Article 10 — Removal Every data subject is entitled to revise and remove their personal data. Compensation Breach of any right in this Bill will entitle the data subject to fair and equitable compensation under existing enforcement provisions. If none apply, the Centre for Data Ethics will establish and administer a compensation scheme to ensure just remedy for any breaches.

Application to Children

The application of these rights to a person less than 18 years of age must be read in conjunction with the rights set out in the United Nations Convention on the Rights of the Child.

Where an information society service processes data of persons less than 18 years of age it must do so under the age appropriate design code.” 
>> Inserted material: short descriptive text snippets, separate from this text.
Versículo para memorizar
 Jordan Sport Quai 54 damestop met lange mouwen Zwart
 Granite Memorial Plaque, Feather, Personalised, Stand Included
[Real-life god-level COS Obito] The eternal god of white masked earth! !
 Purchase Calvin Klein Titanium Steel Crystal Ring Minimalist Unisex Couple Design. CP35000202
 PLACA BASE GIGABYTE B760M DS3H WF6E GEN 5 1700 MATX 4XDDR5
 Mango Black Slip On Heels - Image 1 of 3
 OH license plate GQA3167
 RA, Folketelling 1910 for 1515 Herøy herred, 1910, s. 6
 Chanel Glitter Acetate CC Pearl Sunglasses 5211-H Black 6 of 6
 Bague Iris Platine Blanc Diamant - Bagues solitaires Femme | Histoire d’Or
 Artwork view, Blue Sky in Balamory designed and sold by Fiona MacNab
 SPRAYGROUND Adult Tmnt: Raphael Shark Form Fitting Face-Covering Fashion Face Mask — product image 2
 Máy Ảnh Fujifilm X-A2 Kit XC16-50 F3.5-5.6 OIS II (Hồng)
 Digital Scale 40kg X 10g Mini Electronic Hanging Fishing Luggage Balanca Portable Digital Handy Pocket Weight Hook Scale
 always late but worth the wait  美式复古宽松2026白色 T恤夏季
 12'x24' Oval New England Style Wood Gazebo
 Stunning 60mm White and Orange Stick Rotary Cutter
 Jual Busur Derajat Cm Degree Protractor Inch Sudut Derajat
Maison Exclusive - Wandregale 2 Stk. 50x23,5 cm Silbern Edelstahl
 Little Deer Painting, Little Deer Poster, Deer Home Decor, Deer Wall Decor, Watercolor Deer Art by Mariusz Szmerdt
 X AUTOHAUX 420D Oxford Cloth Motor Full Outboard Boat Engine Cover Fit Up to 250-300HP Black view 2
2. Better, more effective regulators

We also need to be ambitious for the institutions that enforce new rights. The Information Commissioner’s Office is the existing enforcement agency but it is not properly resourced.

Proposed new institutions, like the Centre for Data Ethics and Innovation, risk the same flaws. From what little we know about the Centre, it would lack any power to compel answers to reasonable questions, would have a budget of less than £10 million and would have an unknown membership with an unknown remit.

These proposals risk creating something that fails to inspire faith or trust. Any public body tasked with leading reform needs to be empowered, well-resourced and transparent.  Only then can it get down to the task of helping to build digital trust.

3. Conclusion 

Data is the lifeblood of today’s economy. 

The Data Protection Bill offers the perfect opportunity to consider how we want internet regulation to evolve and, more broadly, what sort of society we want to live in. If we get data protection and content regulation right, the UK could create an internet safety regime that becomes the envy of the world.